On 5/4/26 21:51, tze.yee.ng@altera.com wrote:
> From: Tze Yee Ng <tze.yee.ng@altera.com>
> 
> Use mutex_trylock() in rsu_send_msg() instead of mutex_lock() so callers
> that already hold priv->lock or race with an in-flight RSU operation get
> -EAGAIN instead of blocking forever.
> 
> In reboot_image_store(), treat -EAGAIN as a no-op success so sysfs write
> does not hang when the RSU path is busy.
> 
> Signed-off-by: Tze Yee Ng <tze.yee.ng@altera.com>
> ---
>   drivers/firmware/stratix10-rsu.c | 15 ++++++++++++---
>   1 file changed, 12 insertions(+), 3 deletions(-)
> 
> diff --git a/drivers/firmware/stratix10-rsu.c b/drivers/firmware/stratix10-rsu.c
> index e1912108a0fe..f3ee0b4e49a8 100644
> --- a/drivers/firmware/stratix10-rsu.c
> +++ b/drivers/firmware/stratix10-rsu.c
> @@ -254,7 +254,13 @@ static void rsu_async_get_spt_table_callback(struct device *dev,
>    * is necessary to get RSU boot log or set the address of bitstream to
>    * boot after reboot.
>    *
> - * Returns 0 on success or -ETIMEDOUT on error.
> + * Return:
> + * * 0 on success
> + * * -EAGAIN if the driver mutex could not be acquired
> + * * a negative errno from stratix10_svc_send() on failure to send the request
> + * * -ETIMEDOUT if waiting for the SMC callback times out
> + * * a negative errno from wait_for_completion_interruptible_timeout() if
> + *   interrupted or otherwise signaled while waiting (for example -ERESTARTSYS)
>    */
>   static int rsu_send_msg(struct stratix10_rsu_priv *priv,
>   			enum stratix10_svc_command_code command,
> @@ -264,7 +270,8 @@ static int rsu_send_msg(struct stratix10_rsu_priv *priv,
>   	struct stratix10_svc_client_msg msg;
>   	int ret;
>   
> -	mutex_lock(&priv->lock);
> +	if (!mutex_trylock(&priv->lock))
> +		return -EAGAIN;

The commit message says this prevents deadlocks from "callers that
already hold priv->lock." Does such a caller actually exist?

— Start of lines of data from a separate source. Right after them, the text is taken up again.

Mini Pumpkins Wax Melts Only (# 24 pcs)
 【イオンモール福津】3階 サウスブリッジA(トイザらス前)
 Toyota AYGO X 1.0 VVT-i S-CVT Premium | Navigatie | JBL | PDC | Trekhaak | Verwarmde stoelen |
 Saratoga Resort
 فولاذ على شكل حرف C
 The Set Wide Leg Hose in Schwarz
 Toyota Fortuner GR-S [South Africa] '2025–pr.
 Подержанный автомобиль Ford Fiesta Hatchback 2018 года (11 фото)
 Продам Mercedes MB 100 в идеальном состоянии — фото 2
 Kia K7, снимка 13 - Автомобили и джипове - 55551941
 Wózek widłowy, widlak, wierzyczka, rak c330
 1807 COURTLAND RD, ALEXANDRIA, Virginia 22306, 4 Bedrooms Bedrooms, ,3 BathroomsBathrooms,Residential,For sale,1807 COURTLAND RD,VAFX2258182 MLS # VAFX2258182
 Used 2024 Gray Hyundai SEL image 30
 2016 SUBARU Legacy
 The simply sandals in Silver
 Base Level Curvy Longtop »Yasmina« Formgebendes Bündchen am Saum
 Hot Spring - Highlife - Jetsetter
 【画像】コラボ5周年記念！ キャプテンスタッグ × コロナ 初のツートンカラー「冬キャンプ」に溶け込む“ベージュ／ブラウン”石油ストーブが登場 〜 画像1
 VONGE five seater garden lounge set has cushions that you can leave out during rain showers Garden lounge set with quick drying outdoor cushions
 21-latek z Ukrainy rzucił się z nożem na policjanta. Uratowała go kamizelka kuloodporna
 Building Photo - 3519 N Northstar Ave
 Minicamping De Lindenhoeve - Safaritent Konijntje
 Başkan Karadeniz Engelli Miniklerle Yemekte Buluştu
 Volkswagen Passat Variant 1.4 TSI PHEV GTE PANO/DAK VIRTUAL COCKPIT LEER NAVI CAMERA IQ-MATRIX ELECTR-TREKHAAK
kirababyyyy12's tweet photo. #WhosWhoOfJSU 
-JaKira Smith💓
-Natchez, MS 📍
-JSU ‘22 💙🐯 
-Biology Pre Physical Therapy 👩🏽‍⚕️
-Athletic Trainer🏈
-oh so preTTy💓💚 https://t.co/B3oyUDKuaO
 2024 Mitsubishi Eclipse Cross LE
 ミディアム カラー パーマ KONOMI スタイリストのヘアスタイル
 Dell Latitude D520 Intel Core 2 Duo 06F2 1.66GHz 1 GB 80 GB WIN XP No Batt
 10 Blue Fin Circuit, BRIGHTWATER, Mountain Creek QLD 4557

Looking at the driver, priv->lock is initialized in
stratix10_rsu_probe() and is acquired only inside rsu_send_msg()
itself. The completion callbacks (rsu_command_callback and friends)
call complete() without taking priv->lock, so there is no reentrant
acquisition path through callbacks either.

Two concurrent sysfs writes would serialize correctly under the
original mutex_lock() — the second writer would block until the first
completed. That is the expected behavior for a one-shot firmware
configuration command, not a deadlock.


>   	reinit_completion(&priv->completion);
>   	priv->client.receive_cb = callback;
>   
> @@ -597,7 +604,9 @@ static ssize_t reboot_image_store(struct device *dev,
>   
>   	ret = rsu_send_msg(priv, COMMAND_RSU_UPDATE,
>   			   address, rsu_command_callback);
> -	if (ret) {
> +	if (ret == -EAGAIN) {
> +		return 0;

Two concerns here.

First, does returning 0 violate the sysfs store callback contract?
Sysfs store handlers are expected to return the number of bytes
consumed on success, or a negative errno on error. Returning 0 tells
kernfs that zero bytes were consumed, which is a short write. A
POSIX-compliant write loop seeing 0 bytes returned on a non-zero
write will retry indefinitely. The intended silent no-op should
return count, not 0.

Second, when mutex_trylock fails, COMMAND_RSU_UPDATE is never sent
to the firmware, yet reboot_image_store() returns without an error.
The operator's request to change the persistent boot image is
silently dropped with no log message and no error to userspace.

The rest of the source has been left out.